#### WHAT YOU ARE ASKED TO DO
The records that follow are to be repeated exactly, without any pictures.

#### Caption-style text data

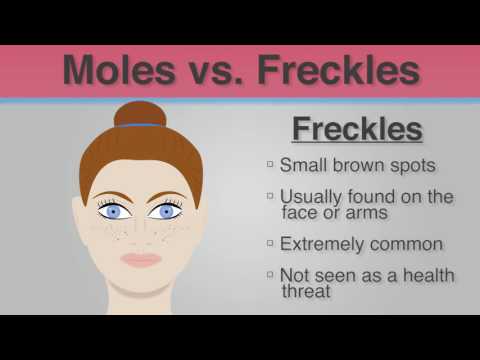 Did You Know - The Difference Between Moles & Freckles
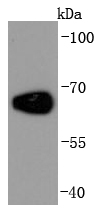 Albumin Antibody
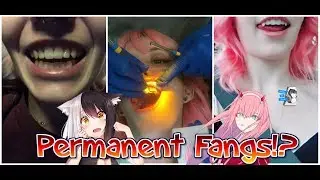 Getting Permanent Vampire Fangs! // Vlog // Tooth Bonding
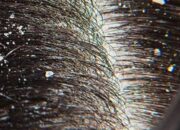 Misteri Terungkap: Arti Mimpi Banyak Ketombe : Ini Penjelasannya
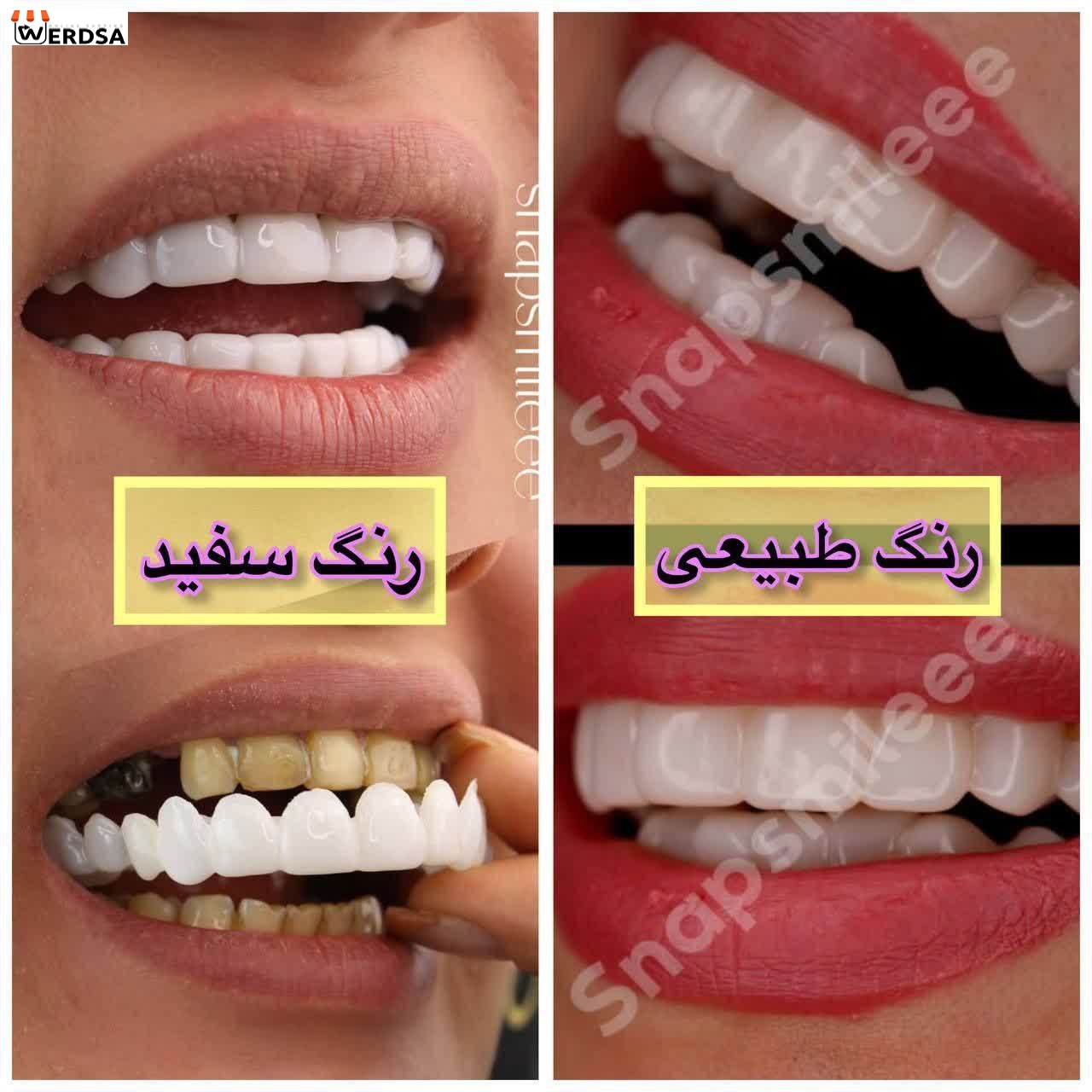 لمینت snap on smile برای دو فک طرح وردسا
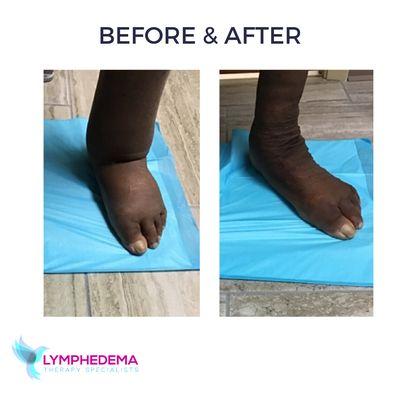 Lymphedema Therapy Specialists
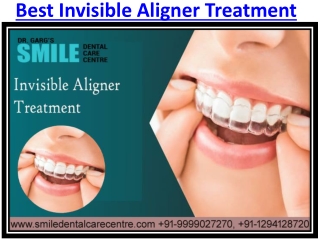 Get Best Invisible Aligner Treatment in Faridabad Smile Dental Care Centre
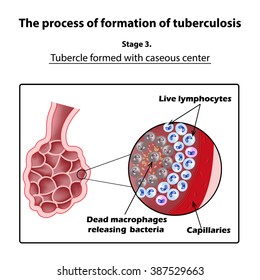 The development of tuberculosis. Stage 3. Infographics. illustration on isolated background.
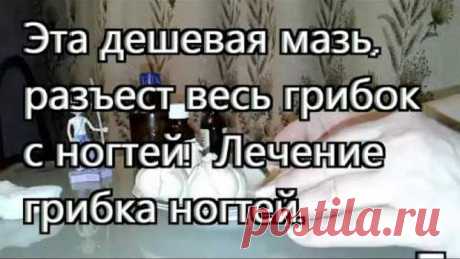 Эта дешевая мазь # разъест весь грибок с ногтей! Лечение грибка ногтей. 🎇🎇🎇.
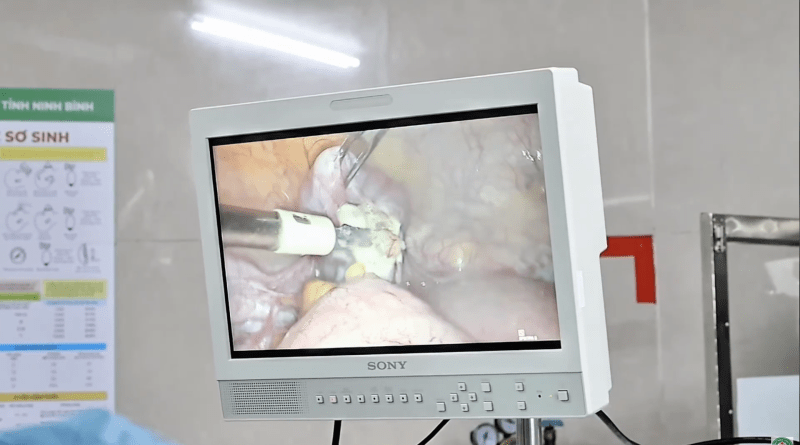 Xử lý ứ dịch vòi trứng – Bước chuẩn bị quan trọng nâng cao tỷ lệ thành công thực hiện IVF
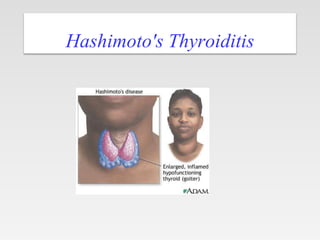 Hashimoto's Thyroiditis
 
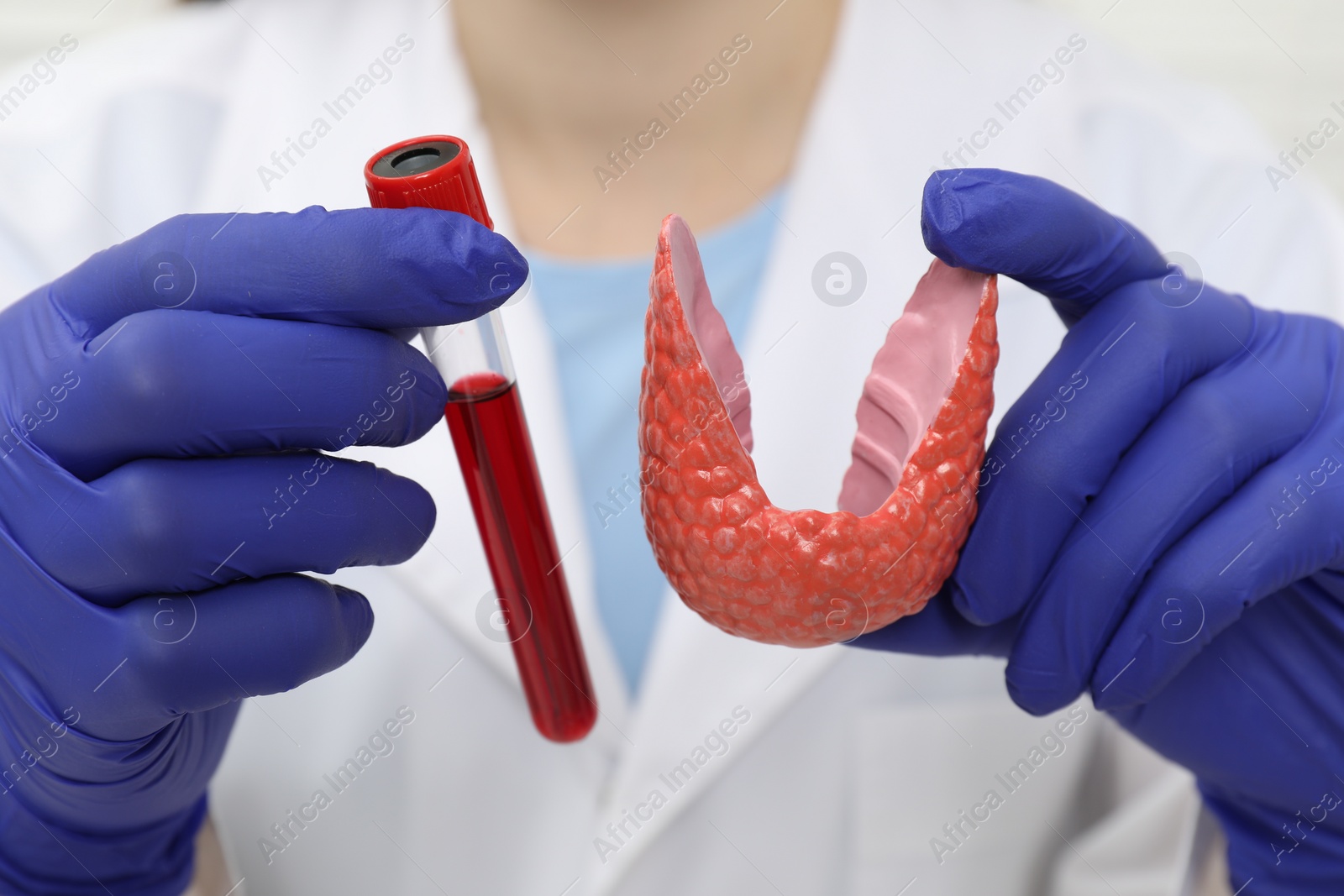 Photo of Endocrinologist showing thyroid gland model and blood sample in test tube, closeup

#### ANSWER BELOW
 Did You Know - The Difference Between Moles & Freckles
 Albumin Antibody
 Getting Permanent Vampire Fangs! // Vlog // Tooth Bonding
 Misteri Terungkap: Arti Mimpi Banyak Ketombe : Ini Penjelasannya
 لمینت snap on smile برای دو فک طرح وردسا
 Lymphedema Therapy Specialists
 Get Best Invisible Aligner Treatment in Faridabad Smile Dental Care Centre
 The development of tuberculosis. Stage 3. Infographics. illustration on isolated background.
 Эта дешевая мазь # разъест весь грибок с ногтей! Лечение грибка ногтей. 🎇🎇🎇.
 Xử lý ứ dịch vòi trứng – Bước chuẩn bị quan trọng nâng cao tỷ lệ thành công thực hiện IVF
 Hashimoto's Thyroiditis
 
 Photo of Endocrinologist showing thyroid gland model and blood sample in test tube, closeup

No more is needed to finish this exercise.